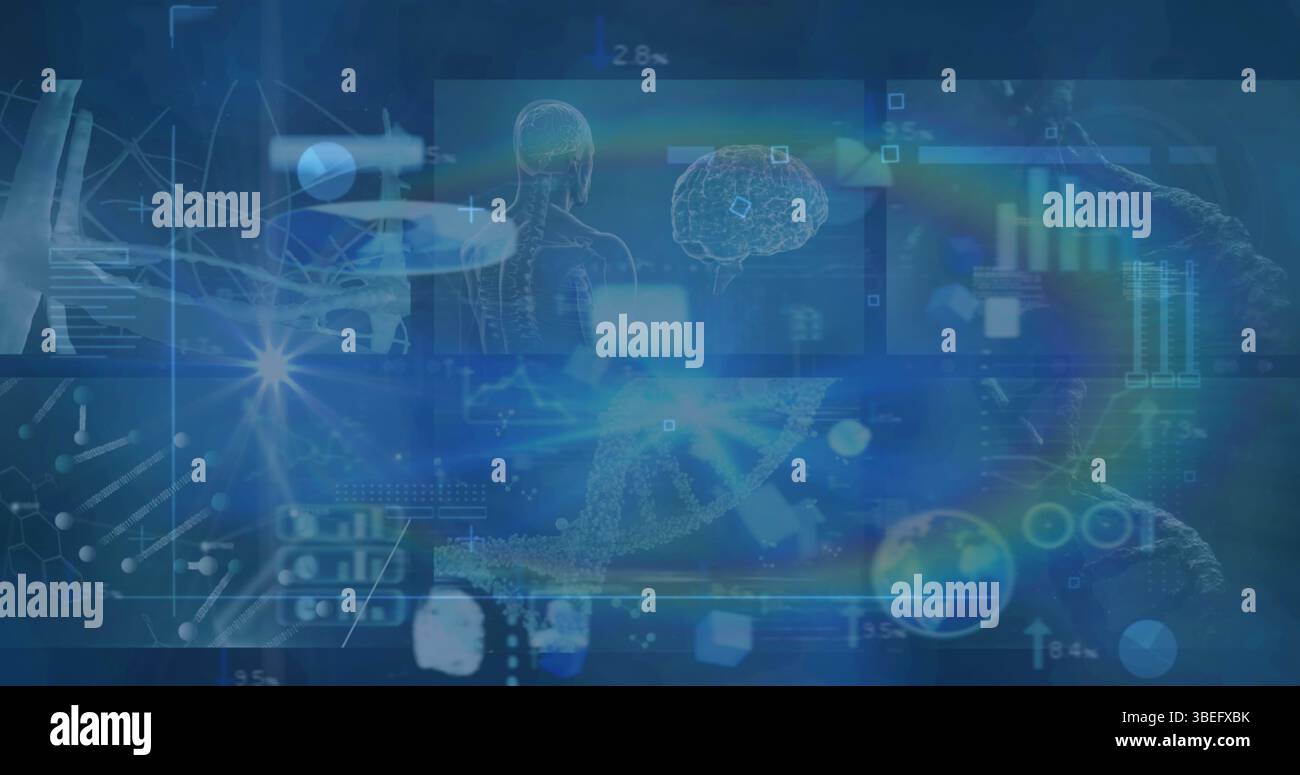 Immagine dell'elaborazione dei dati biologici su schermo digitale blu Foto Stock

________________

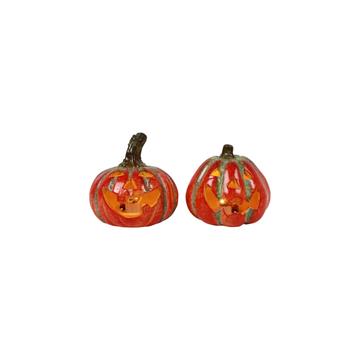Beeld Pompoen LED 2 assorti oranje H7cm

________________

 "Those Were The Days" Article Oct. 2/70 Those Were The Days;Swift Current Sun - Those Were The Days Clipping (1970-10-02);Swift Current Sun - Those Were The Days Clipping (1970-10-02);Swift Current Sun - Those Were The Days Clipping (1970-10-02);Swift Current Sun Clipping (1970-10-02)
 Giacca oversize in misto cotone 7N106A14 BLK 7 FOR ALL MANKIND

________________

Among the lines above, repeat exactly those from the line with "Sun Clipping (1970-10-02)" to the line with "Giacca oversize in", counting both ends.

 "Those Were The Days" Article Oct. 2/70 Those Were The Days;Swift Current Sun - Those Were The Days Clipping (1970-10-02);Swift Current Sun - Those Were The Days Clipping (1970-10-02);Swift Current Sun - Those Were The Days Clipping (1970-10-02);Swift Current Sun Clipping (1970-10-02)
 Giacca oversize in misto cotone 7N106A14 BLK 7 FOR ALL MANKIND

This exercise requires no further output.